Hi,
I’m assuming a network interruption or that the Slave might appear Stalled… but When/Why do these messages start? And once this state is entered, is the reading of stdout of the process severed? I don’t seem to ever see any other messages from the process in the logs.
Listener Thread - fe80::4df1:b377:8733:8a9d%15 has connected
Listener Thread - Received message: SlaveStillRunning
Listener Thread - Responded with: Success: Yes
---- December 06 2012 – 10:16 AM ----
Listener Thread - fe80::4df1:b377:8733:8a9d%15 has connected
Listener Thread - Received message: SlaveStillRunning
Listener Thread - Responded with: Success: Yes
Listener Thread - fe80::4df1:b377:8733:8a9d%15 has connected
Listener Thread - Received message: SlaveStillRunning
Listener Thread - Responded with: Success: Yes
Listener Thread - fe80::4df1:b377:8733:8a9d%15 has connected
Listener Thread - Received message: OnLastTaskComplete RestartMachineSlaveRestart
Listener Thread - Responded with: Success
Listener Thread - fe80::4df1:b377:8733:8a9d%15 has connected
Listener Thread - Received message: SlaveStillRunning
Listener Thread - Responded with: Success: Yes
Listener Thread - fe80::4df1:b377:8733:8a9d%15 has connected
Listener Thread - Received message: SlaveStillRunning
Listener Thread - Responded with: Success: Yes
Listener Thread - fe80::4df1:b377:8733:8a9d%15 has connected
Listener Thread - Received message: SlaveStillRunning
Listener Thread - Responded with: Success: Yes
Listener Thread - fe80::4df1:b377:8733:8a9d%15 has connected
Listener Thread - Received message: SlaveStillRunning
Listener Thread - Responded with: Success: Yes
---- December 06 2012 – 10:17 AM ----
Listener Thread - fe80::4df1:b377:8733:8a9d%15 has connected
Listener Thread - Received message: SlaveStillRunning
Listener Thread - Responded with: Success: Yes
Listener Thread - fe80::4df1:b377:8733:8a9d%15 has connected
Listener Thread - Received message: SlaveStillRunning
Listener Thread - Responded with: Success: Yes
Listener Thread - fe80::4df1:b377:8733:8a9d%15 has connected
Listener Thread - Received message: SlaveStillRunning
Listener Thread - Responded with: Success: Yes
Listener Thread - fe80::4df1:b377:8733:8a9d%15 has connected
These messages start when the slave has been sent a remote command that could result in the machine shutting down or restarting. Basically, the launcher takes over processing the command, and part of that processing is to ensure all slaves have shutdown on the machine before shutting down or restarting the machine. This is primarily meant to handle the case where more than one slave is running on the machine.

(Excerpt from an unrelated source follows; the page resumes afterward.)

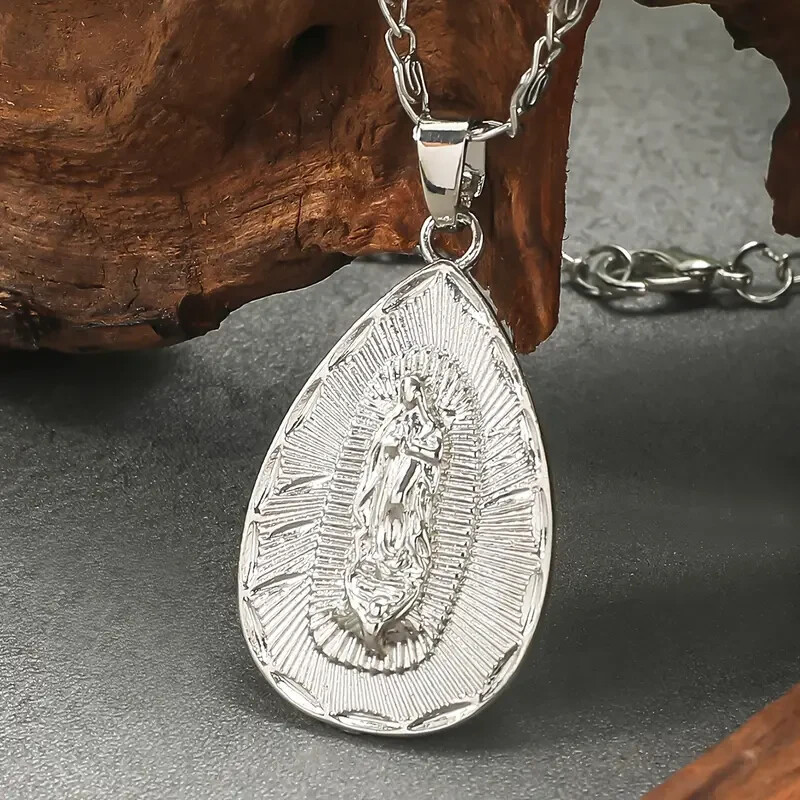 925 Sterling Silver Catholic Saint Virgin Mary New White Topaz Pendant Necklace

It sounds like in this case, the slave itself wasn’t shutting down. What did the slave’s log look like here?
The chunk of output I put in the first post just keeps repeating and repeating. I’ve seen some Tasks that run for an hour or more in this state. They do finally complete.
To clarify, I see this output if I remote into the slave. I am not sure if that output ends up in the actual logs in Deadline monitor. I don’t think that it does.
Sorry Paul, I was thinking that was the Launcher log.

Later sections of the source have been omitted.